Khadijah melihat ada gurat kecemasan yang tulus di wajah Zaid. Bukan cemas karena dirinya. Tapi cemas untuk sahabat-sahabatnya.
Meski ia tidak menyukai dunia geng motor suaminya. Meski ia benci kekerasan. Ia tahu satu hal tentang Zaid: Zaid adalah orang yang sangat setia kawan. Setia sampai mati.
"Hati-hati, Zaid," ujar Khadijah saat mobil berhenti mendadak di depan swalayan. "Jangan terluka. Jangan berkelahi. Saya akan berdoa untuk keselamatan kalian. Semua."
Zaid sempat tertegun. Kata 'doa' itu.
Ia menatap Khadijah sejenak. Lama. Seolah ingin mengatakan sesuatu. Tapi akhirnya ia hanya mengangguk singkat. "Masuklah ke rumah dengan aman. Chat aku kalau sudah sampai."

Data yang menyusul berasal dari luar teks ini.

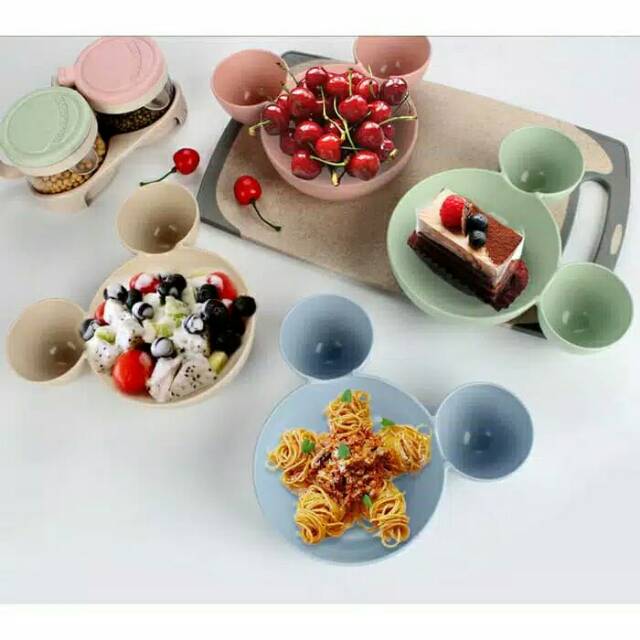 BM-010 Mangkok Piring Makan Snack Anak Lucu Motif Mickey Minnie / Fun Dish Fruit Bowl Plate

Mobil melesat pergi. Meninggalkan debu dan suara ban yang berdecit.
Khadijah berdiri di pinggir jalan. Panas. Menggenggam tasnya erat-erat.
Di dalam hatinya, ia menyelipkan satu doa khusus untuk suaminya yang keras kepala itu: _Ya Allah... jagalah suamiku dari keburukan yang ia datangi sendiri. Jagalah tangannya agar tidak memukul. Jagalah hatinya agar Engkau beri petunjuk._
Zaid memacu mobilnya menuju area konflik. Kecepatan 120.
Di kepalanya, ia hanya memikirkan dua hal: keselamatan sahabatnya yang sedang dikepung, dan tatapan mata Khadijah yang baru saja memberinya sebuah ketenangan aneh di tengah badai yang akan ia hadapi.
Untuk pertama kalinya, ia berangkat tawuran... sambil membawa doa seorang istri di punggungnya.